To load a text dataset given in the ConLL2000 format, use the parseTextCorpus function. The format of the ConLL2000 dataset is described here: http://www.cnts.ua.ac.be/conll2000/chunking/

var allowModifyDictionary = false;

var corpus = nounphrasejs.parseTextCorpus(text, dictionary, allowModifyDictionary);
  • allowModifyDictionary indicates if new words from the text corpus should be added to the dictionary. This can be true for train data and should be false for test data. If a dictionary of words to use is provided, the parameter should be false in both cases.

Alternatively, you can parse your own dataset files and create a TextCorpus by using the TextCorpus function:

var sentences = [[word1, word2, word3], [word4, word5]];
var wordCount = 5;

var corpusCustom = new nounphrasejs.TextCorpus(sentences, dictionary, wordCount);
  • sentences is a list of all sentences. Each sentences is a list of Word objects. See Word below on how to create a Word object.
  • wordCount is just a the count of all Word objects in sentences.

Word

Word is an object to represent a single word in a TextCorpus. It can be created using the Word function:

var actualWord = "Apple";
var nounPhrase = nounphrasejs.NOUN_PHRASE_BEGIN; //Alternatives: NOUN_PHRASE_INSIDE or NOUN_PHRASE_NONE
var index = dictionary.wordToIndex[nounphrasejs.WORD_PREFIX + actualWord.toLowerCase()];
var firstChar = actualWord.charAt(0);
var isCapitalised = (firstChar === firstChar.toUpperCase());

var word = new nounphrasejs.Word(index, actualWord, isCapitalised, nounPhrase);
  • index is the index of the word in the dictionary.
  • actualWord is the original word.
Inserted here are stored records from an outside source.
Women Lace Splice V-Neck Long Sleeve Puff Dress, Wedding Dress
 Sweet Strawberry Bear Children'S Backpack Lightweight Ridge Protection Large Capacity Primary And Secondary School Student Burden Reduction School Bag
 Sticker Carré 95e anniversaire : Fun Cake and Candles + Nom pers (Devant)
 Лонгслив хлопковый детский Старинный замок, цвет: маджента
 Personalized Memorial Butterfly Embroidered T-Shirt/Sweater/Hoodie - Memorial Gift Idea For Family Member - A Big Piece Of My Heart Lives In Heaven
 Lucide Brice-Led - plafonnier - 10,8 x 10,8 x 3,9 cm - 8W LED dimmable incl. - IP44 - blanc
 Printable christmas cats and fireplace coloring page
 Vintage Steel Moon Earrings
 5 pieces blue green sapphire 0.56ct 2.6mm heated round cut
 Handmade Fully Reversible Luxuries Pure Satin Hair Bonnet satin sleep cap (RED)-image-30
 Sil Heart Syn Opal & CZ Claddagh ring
Dicitionary lookups are done by lowercase words with a prefix, to avoid javascript name collisions.
  • isCapitalised is wether the original word starts with a capital letter.
  • nounPhrase is the class of the word for the classification task.

NetworkConfigurations

Loading

Both configurations can be created by calling their function with an options object and a Dictionary Object.

var options = { hidden_unit_count: 30, lookup_table_learn_rate: 10 };

var wordWindowConfiguration = getWordWindowConfiguration(options, dictionary);
var sentenceConfiguration = getSentenceConfiguration(options, dictionary);

All available options are listed in the Options section and section for the respective functions. If an option is not set, the configuration will just use a reasonable default value.

To load configurations from JSON, call the same functions using a JSON string as the parameter:

nounphrasejs.readTextFile("/jsonNets/wordWindowNounPhrase.txt", function(wordWindowJSON) {
  var wordWindowConfiguration = getWordWindowConfiguration(wordWindowJSON);
  
  // TODO: Do stuff with the configuration here.
});

nounphrasejs.readTextFile("/jsonNets/sentenceNounPhrase.txt", function(sentenceJSON) {
  var sentenceConfiguration = getSentenceConfiguration(sentenceJSON);
  
  // TODO: Do stuff with the configuration here.
});

Options

Both configurations share the following parameters:

  • hidden_unit_count Amount of units in each hidden layer.
  • output_labels Amount of possible labels for the classification of each word. For noun phrase detection 3 different labels are used. This value can be changed to work for other natural language processing tasks.
  • lookup_table_learn_rate Determines the rate at which the word feature vectors are trained.

The following parameters configure the stochastic gradient decent trainer that is used. See http://cs.stanford.edu/people/karpathy/convnetjs/docs.html for documentation on the SGD trainer parameters:

  • trainer_learn_rate
  • trainer_l1_decay
  • trainer_l2_decay
  • trainer_momentum
  • trainer_batch_size

getWordWindowConfiguration

This is a network inspired by the word window approach network from the paper: "A Unified Architecture for Natural Language Processing: Deep Neural Networks with Multitask Learning" by R. Colobert and J.Weston.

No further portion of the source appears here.